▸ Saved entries
◇ ◇ ◇ ◇
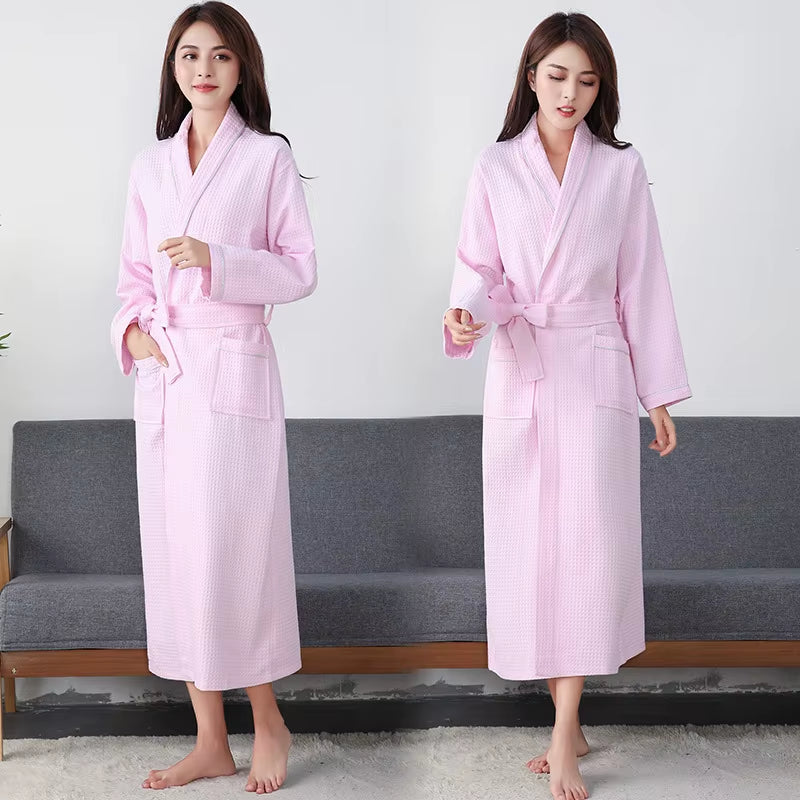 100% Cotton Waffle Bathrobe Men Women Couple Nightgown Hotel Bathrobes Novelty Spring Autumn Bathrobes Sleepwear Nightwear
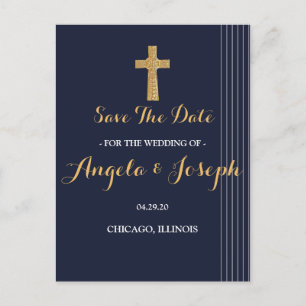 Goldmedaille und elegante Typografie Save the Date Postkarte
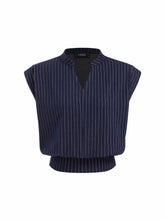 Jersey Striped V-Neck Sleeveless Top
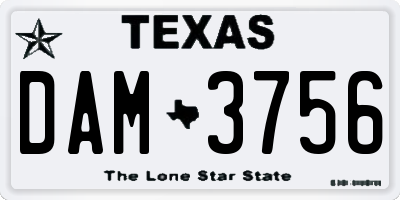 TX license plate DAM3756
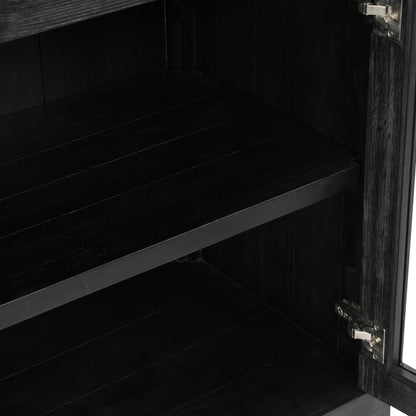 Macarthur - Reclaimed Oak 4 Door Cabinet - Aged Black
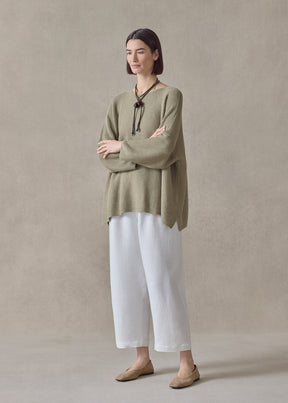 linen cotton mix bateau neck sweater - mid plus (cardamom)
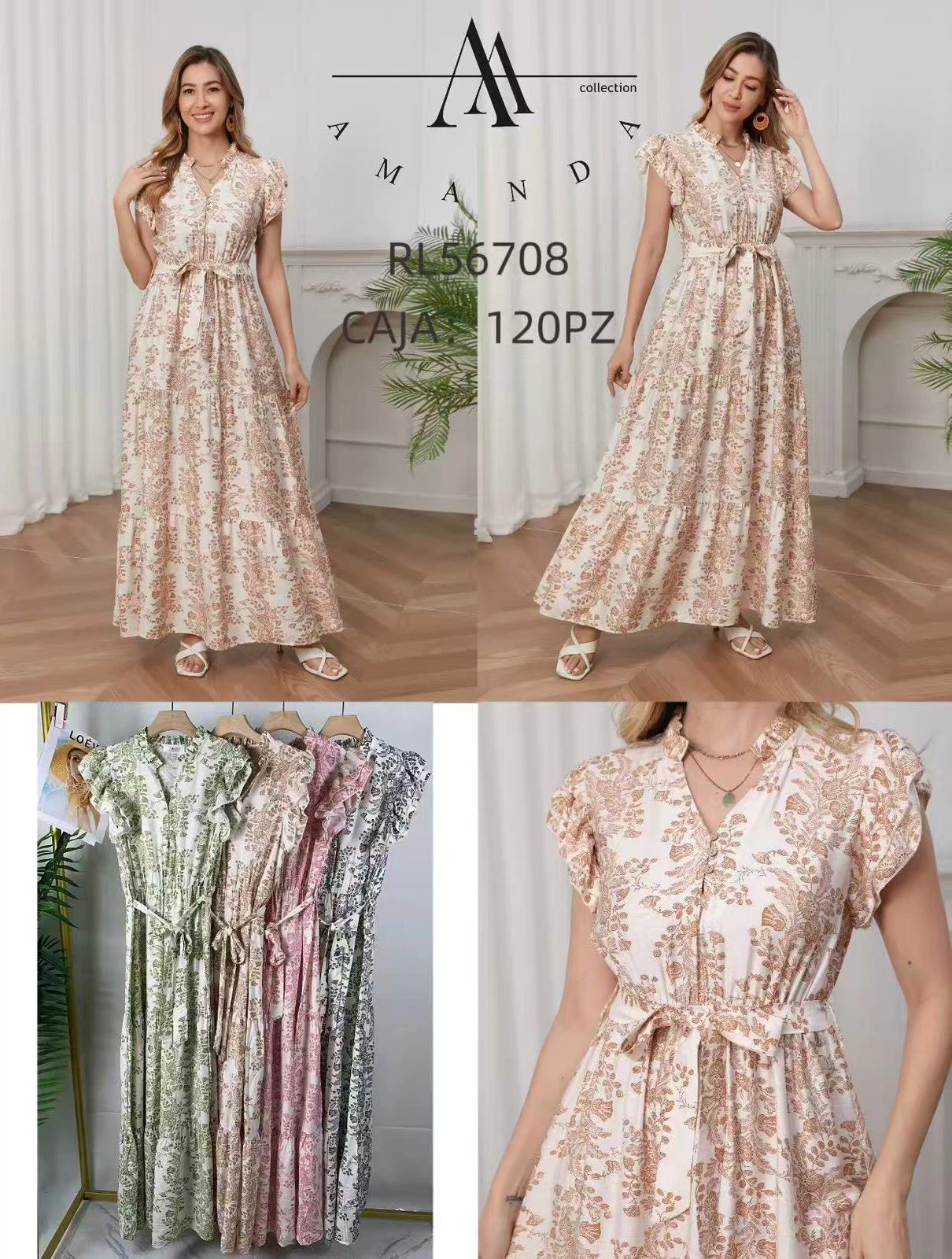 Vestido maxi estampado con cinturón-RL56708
◇ ◇ ◇ ◇
▸ Work instructions
All of the entries above need to be repeated exactly, minus the pictures.

▸ Result of this exercise
 100% Cotton Waffle Bathrobe Men Women Couple Nightgown Hotel Bathrobes Novelty Spring Autumn Bathrobes Sleepwear Nightwear
 Goldmedaille und elegante Typografie Save the Date Postkarte
 Jersey Striped V-Neck Sleeveless Top
 TX license plate DAM3756
 Macarthur - Reclaimed Oak 4 Door Cabinet - Aged Black
 linen cotton mix bateau neck sweater - mid plus (cardamom)
 Vestido maxi estampado con cinturón-RL56708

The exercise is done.